Ugandan lawyer and judge (1953–2023)

Mary Stella Arach-Amoko (16 April 1954 – 17 June 2023) was a Ugandan judge who served as a justice of the Supreme Court of Uganda from 20 June 2013 to 17 June 2023.

==Career==
Arach-Amoko served in the Uganda attorney general's chambers from 1979 until 1997, rising from a state attorney to commissioner for civil litigation. In 1997, she was appointed a High Court judge, serving in that capacity until 2010.

Arach-Amoko served at the East African Court of Justice as a judge from 2006 until 2008, and from 2008 until 2013, as a deputy principal judge of the First Instance Division. In 2010, she was one of the candidates considered by the Judicial Services Commission, for appointment as the chief justice of Uganda.

Between 15 April 2018 and 14 April 2020, Arach-Amoko served as the chairperson of the nine-member management committee of Uganda's Law Development Centre.
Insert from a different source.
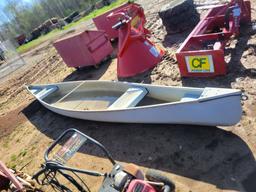 16 FT CANOE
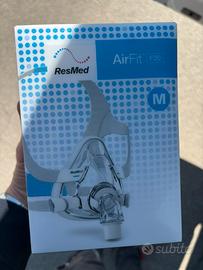 Maschera oronasale Cpap Resmed Airfit F20 M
In 2010 she was appointed to the Court of Appeal of Uganda.

In her career on the bench, Arach-Amoko had handled many election cases. In 2006, she dismissed the petition in which the National Resistance Movement’s Francis Babu had challenged Erias Lukwago’s victory as member of Parliament for Kampala Central Division. In 2012, at the Court of Appeal, she wrote the majority opinion that nullified NRM's Faisal Kikulukunyu's victory as the member of Parliament for Butambala County. The ruling benefited Muhammad Muwanga Kivumbi of the Democratic Party.

==Personal life and death==
Arach-Amoko was married to Ambassador Idule Amoko who, as of April 2019, was serving as the Deputy Head of Mission at the Uganda Embassy in Addis Ababa, Ethiopia.

Stella Arach-Amoko died in Kampala on 17 June 2023, at the age of 69. She is survived by three children. One of her children is Ivy Amoko.